Stricter Regs

President Bush is calling on the U.S. departments of transportation, agriculture and energy and the Environmental Protection Agency to work together in developing stricter regulations to increase vehicle fuel efficiency and reduce tailpipe emissions.

President Bush is calling on the U.S. departments of transportation, agriculture and energy and the Environmental Protection Agency to work together in developing stricter regulations to increase vehicle fuel efficiency and reduce tailpipe emissions.

The executive order is in response to a Supreme Court ruling declaring carbon dioxide and greenhouse gases as air pollutants under the Clean Air Act and empowering the EPA to regulate vehicle emissions.

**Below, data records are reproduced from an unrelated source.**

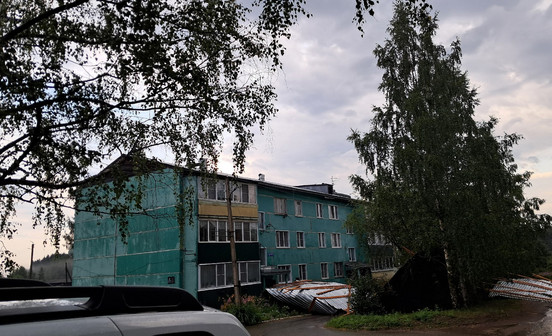 В Шутовщине ураган сорвал крышу с трёхэтажного дома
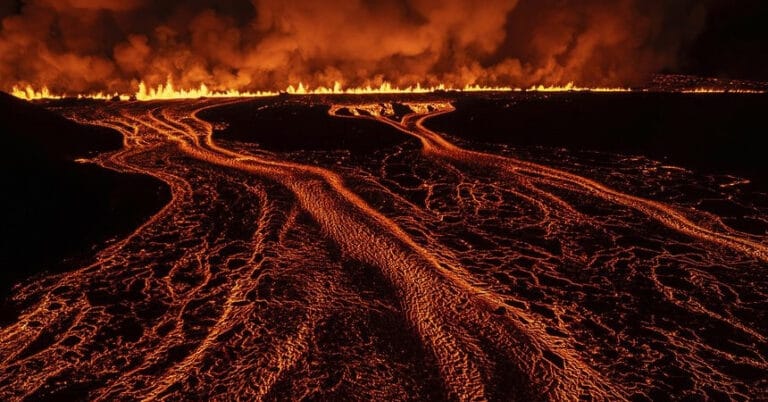 İzlanda’da 10 ayda 7’nci defa yanardağ patlaması
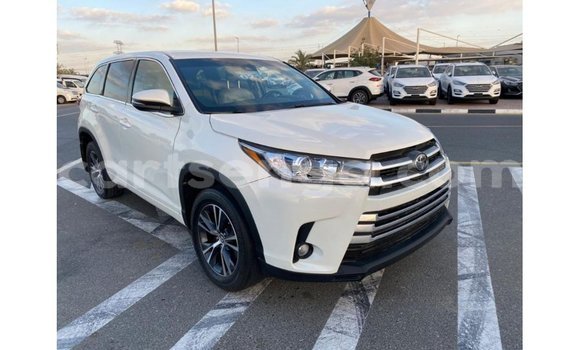 Buy Import Toyota Highlander White Car in Import - Dubai in Hhohho Buy Import Toyota Highlander White Car in Import - Dubai in Hhohho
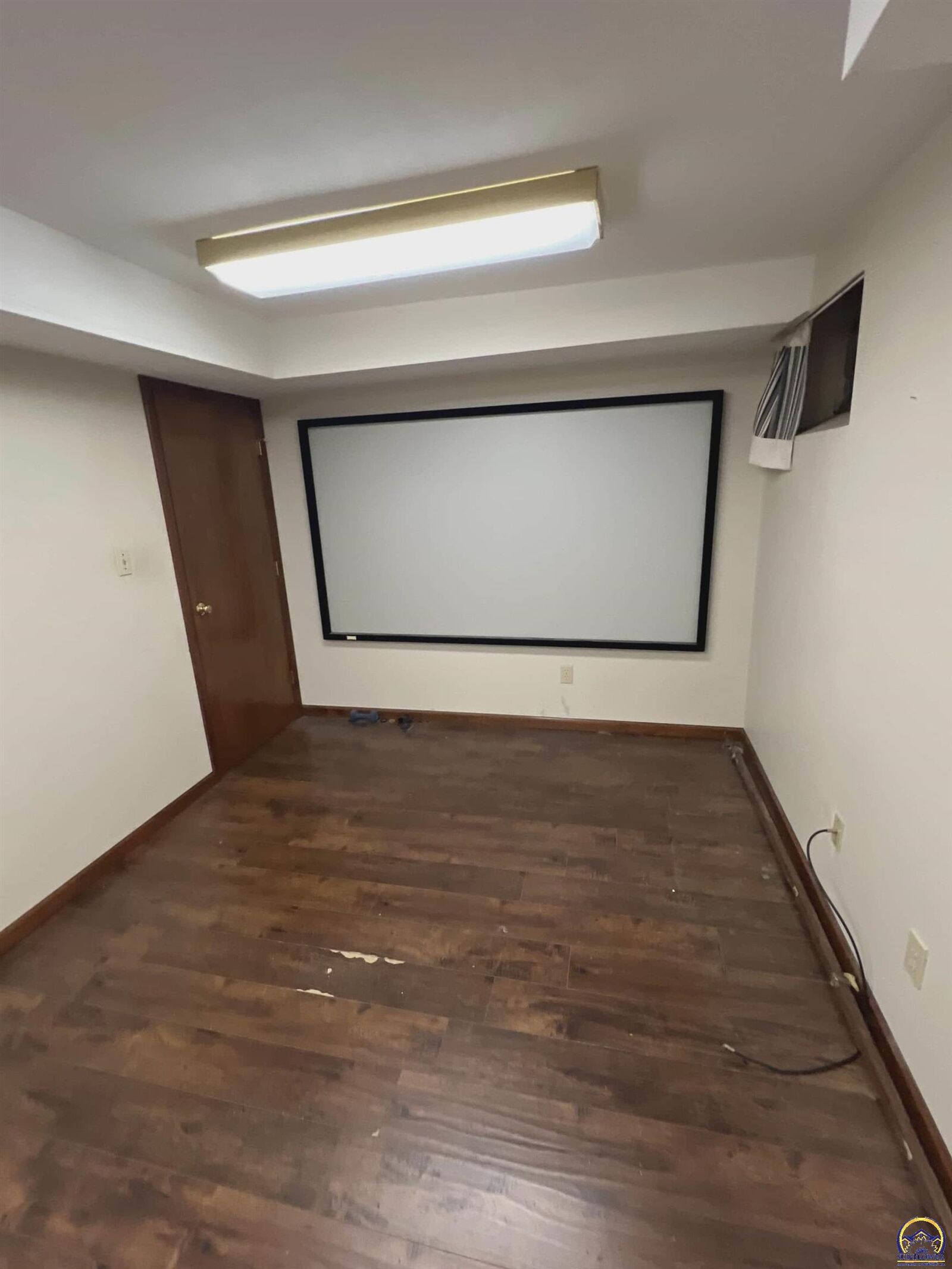 Property Photo:  3516 SW Avalon Ln  KS 66604 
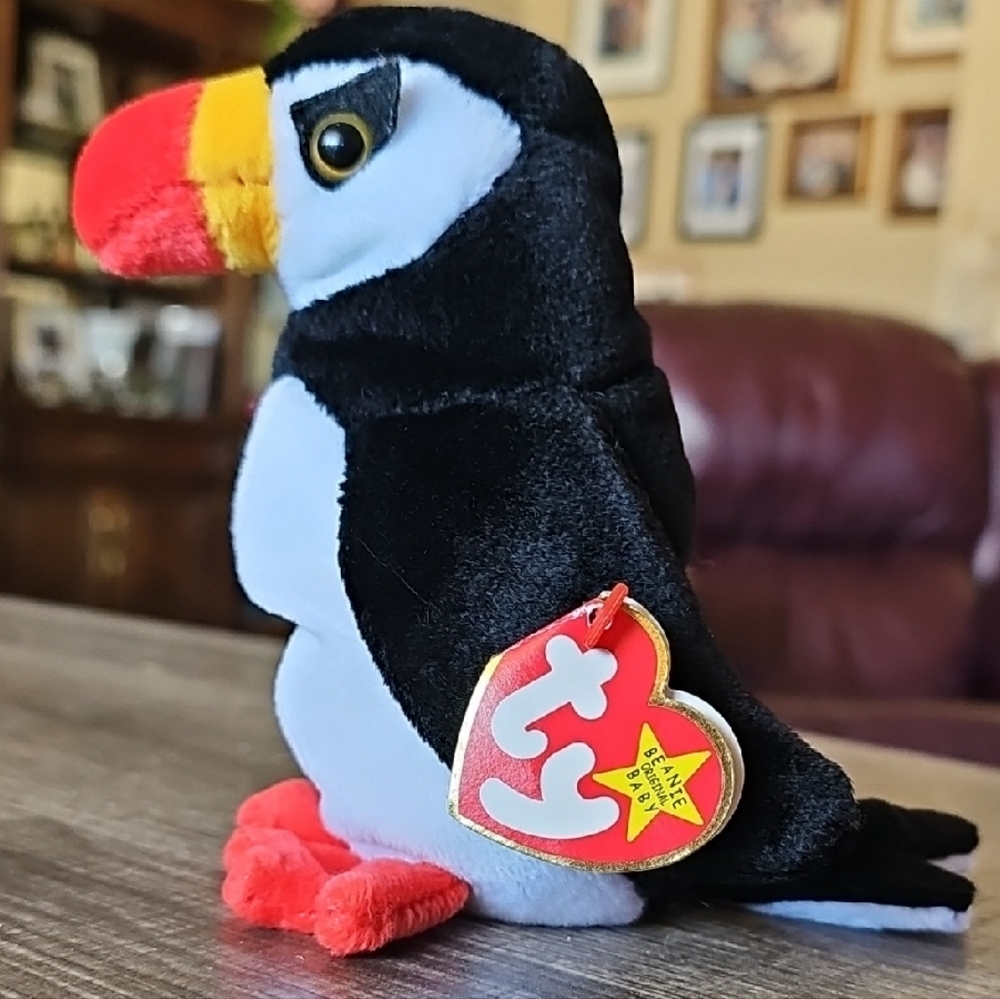 Rare Ty Beanie Babies Puffin Plush - Black, Red, and Yellow 1997 Tag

The court finding was seen as a knock on Bush for his administration's inaction in dealing with air pollution, which is said to contribute to global warming.

Bush's new proposal calls for the EPA to initiate a regulatory process through the Clean Air Act and have final rules in place by 2008. Public comment on the proposed regulations will be allowed before final regulations are set.

Bush says his goal calls for an annual 4% increase in the corporate average fuel economy standards over the current 27.5 mpg (8.5 L/100 km) requirement today. Other proposals circulating in Congress would put CAFE requirements at 34 mpg (6.9 L/100 km).

While Bush's emphasis on renewable energy encompasses a number of alternative fuels, such as hydrogen and biofuels, its primary focus is on the development of plant-based ethanol.